::: Records supplied
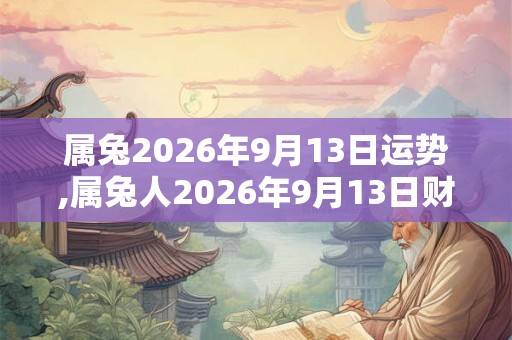 属兔2026年9月13日运势,属兔人2026年9月13日财运,生肖兔2026年9月13日运势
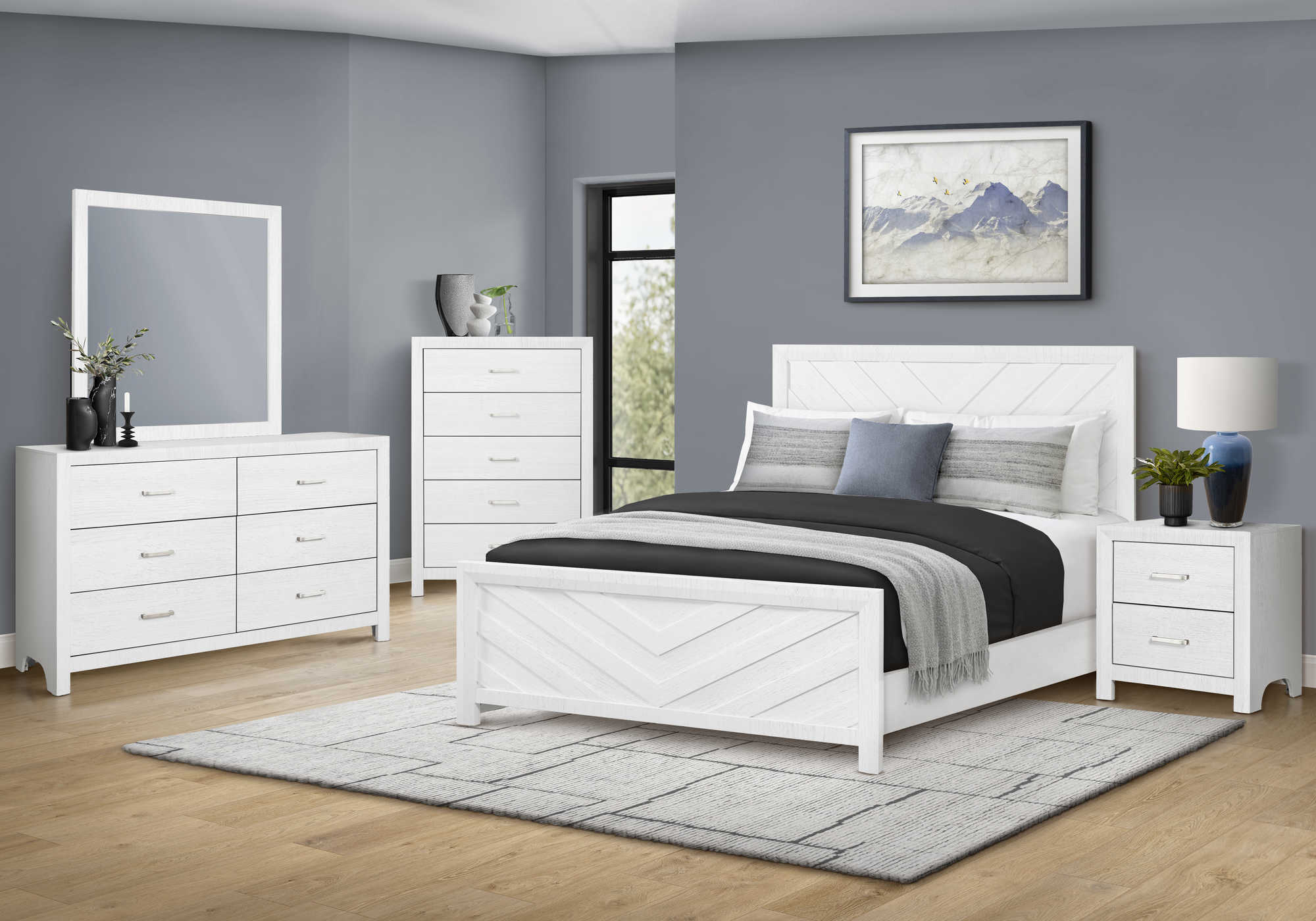 CHAMBRE A COUCHER - LIT QUEEN / FINI CHENE BLANC – I 5225Q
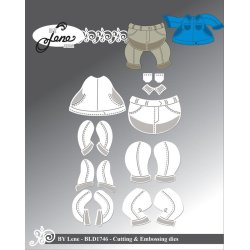 Dies/skre stencils, By Lene's BLD1746, Tilbehr til Panda BLD1727, Bukser &amp; skjorte/jakke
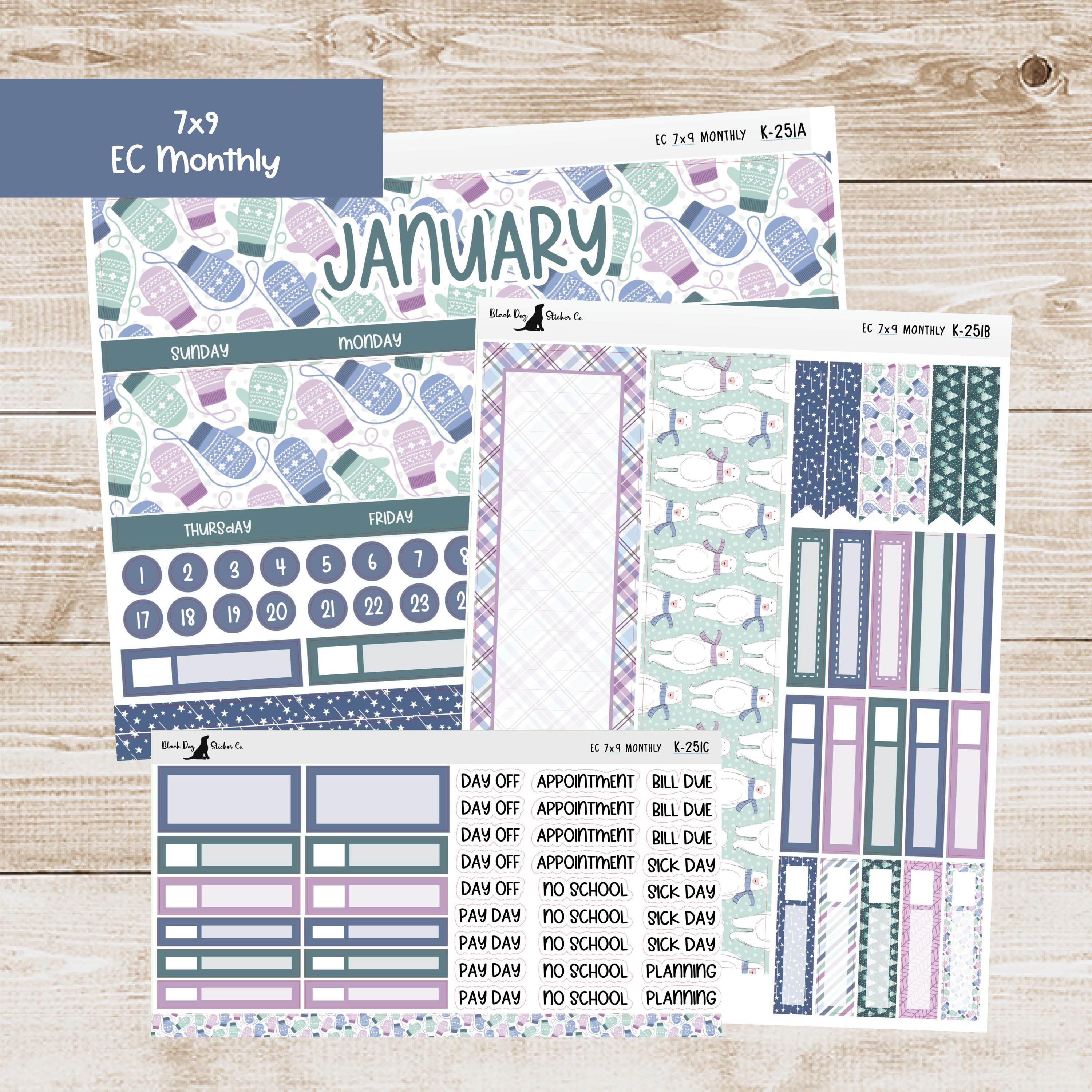 K-251 Erin Condren EC 7x9 Monthly Kit - January 2025 - Let It Snow ...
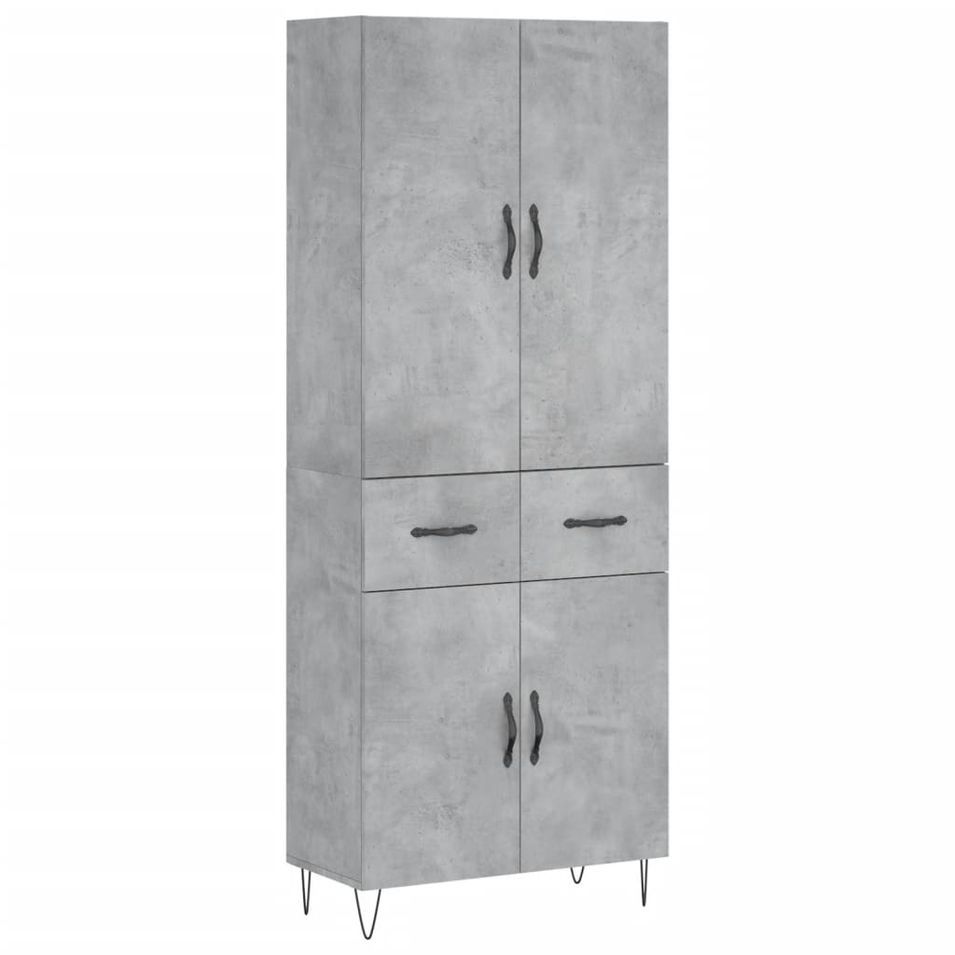 Buffet haut Gris béton 69,5x34x180 cm Bois d'ingénierie - Photo n°1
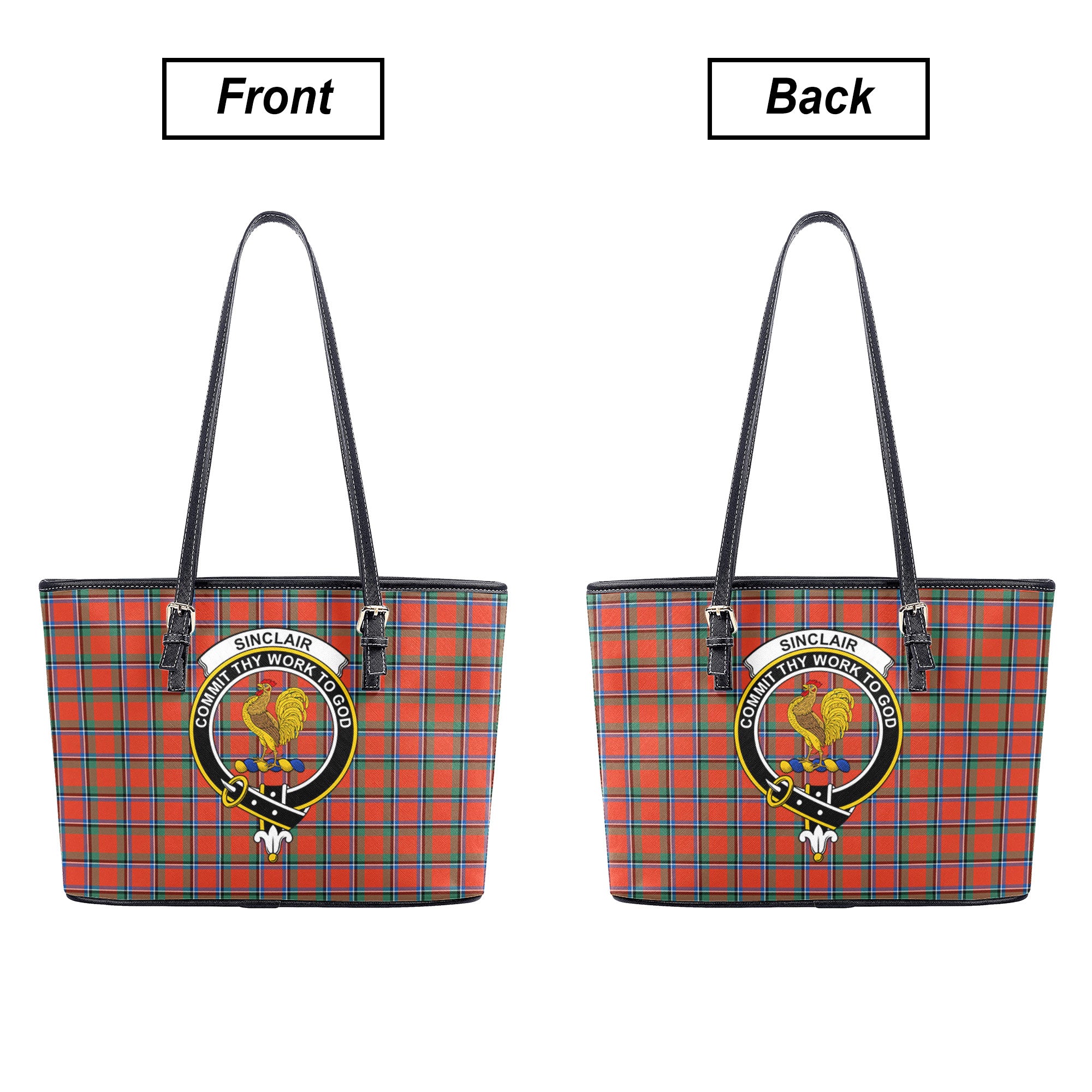 Sinclair Ancient Tartan Crest Leather Tote Bag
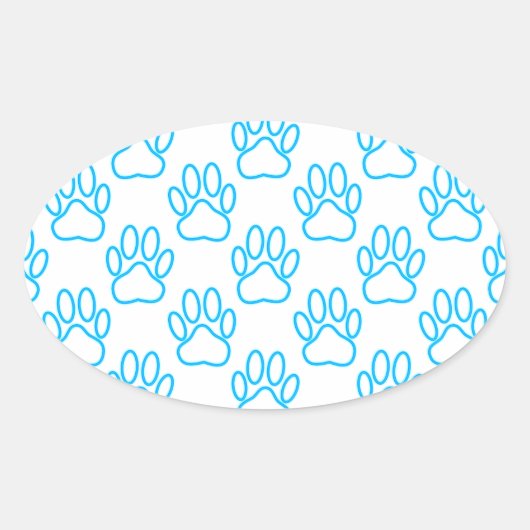 Sticker Ovale Motif Empreinte de patte de Blue Neon Dog (Devant)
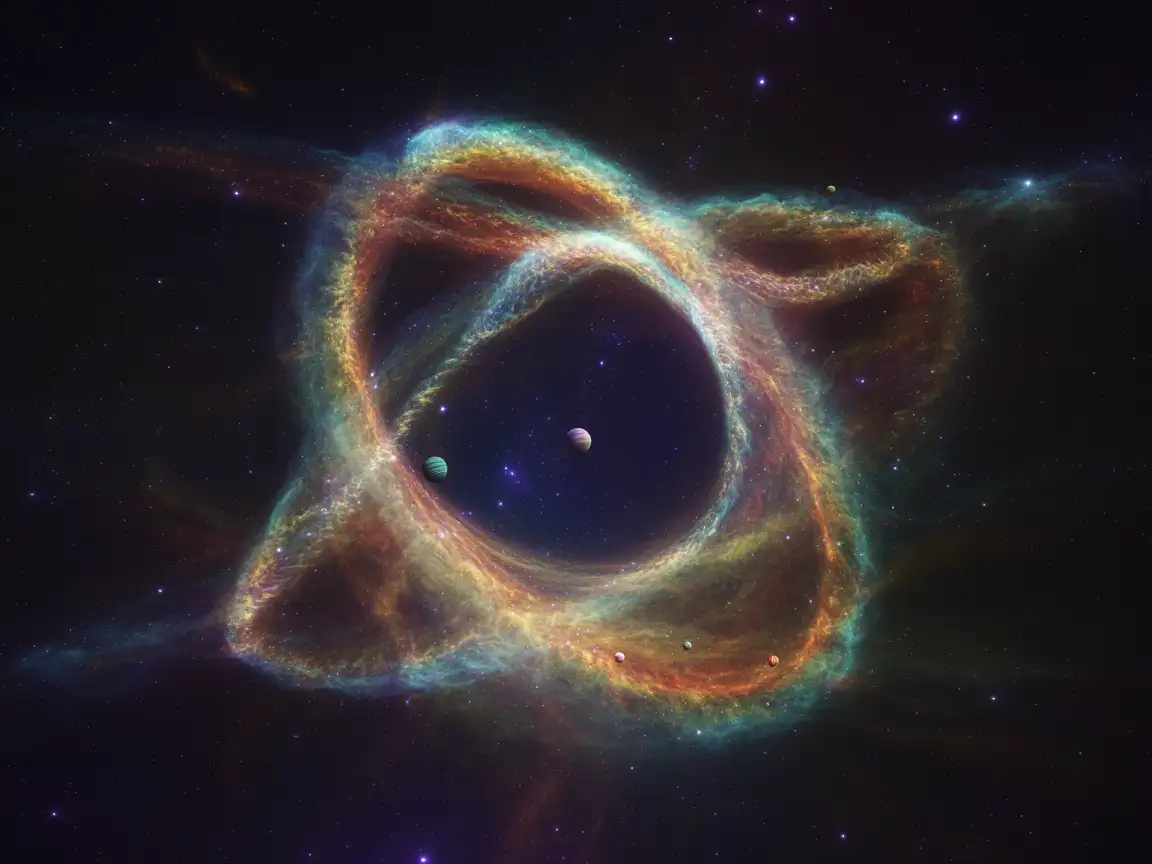 A starry night sky with swirling galaxies and planets, forming a large sacred geometry pattern in the cosmos.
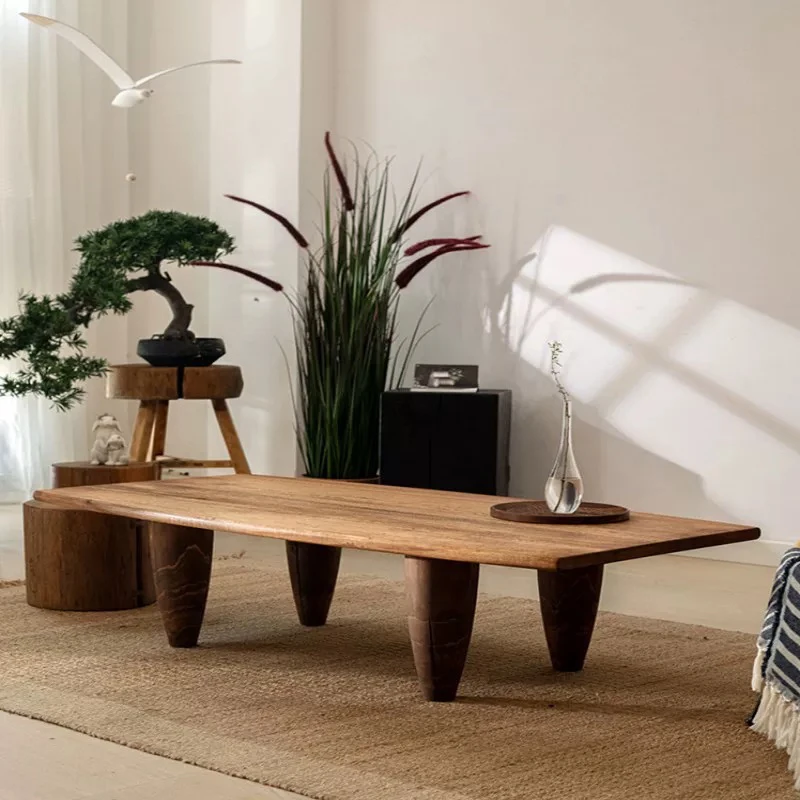 

Black Extendable Coffee Table Storage Classic Japanese Retro Coffee Table Polished Matte Stolik Kawowy Living Room Furniture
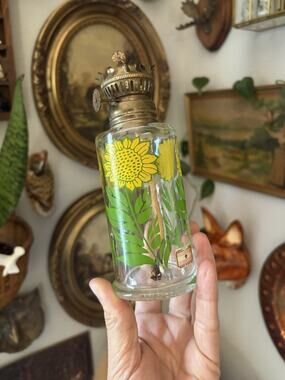 Vintage 1970s Lamplight Farms Mini Glass Oil Lamp Painted Sunflowers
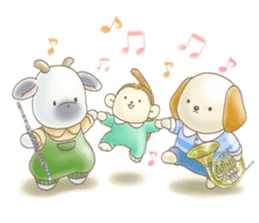 Cute bear and rabbit 6 by Torataro sticker #10267240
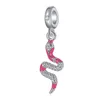 Passend für Pandora Original Armbänder 20pcs Silber Charms Perlen Pink Emaille Schlange Silber Charms Perle für Frauen DIY European Halskette Schmuck Schmuck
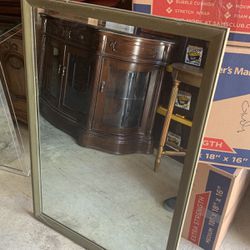 Heavy Glass Mirror 26.5 inches Wide X 38.5  Inches Tall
::::::
**Assignment:**
In the copy, no pictures are to appear; write out exactly the lines from the one containing "K-251 Erin Condren" through the end of the listing above and no further lines.

**Result for this exercise:**
 K-251 Erin Condren EC 7x9 Monthly Kit - January 2025 - Let It Snow ...
 Buffet haut Gris béton 69,5x34x180 cm Bois d'ingénierie - Photo n°1
 Sinclair Ancient Tartan Crest Leather Tote Bag
 Sticker Ovale Motif Empreinte de patte de Blue Neon Dog (Devant)
 A starry night sky with swirling galaxies and planets, forming a large sacred geometry pattern in the cosmos.

Black Extendable Coffee Table Storage Classic Japanese Retro Coffee Table Polished Matte Stolik Kawowy Living Room Furniture
 Vintage 1970s Lamplight Farms Mini Glass Oil Lamp Painted Sunflowers
 Cute bear and rabbit 6 by Torataro sticker #10267240
 Passend für Pandora Original Armbänder 20pcs Silber Charms Perlen Pink Emaille Schlange Silber Charms Perle für Frauen DIY European Halskette Schmuck Schmuck
 Heavy Glass Mirror 26.5 inches Wide X 38.5  Inches Tall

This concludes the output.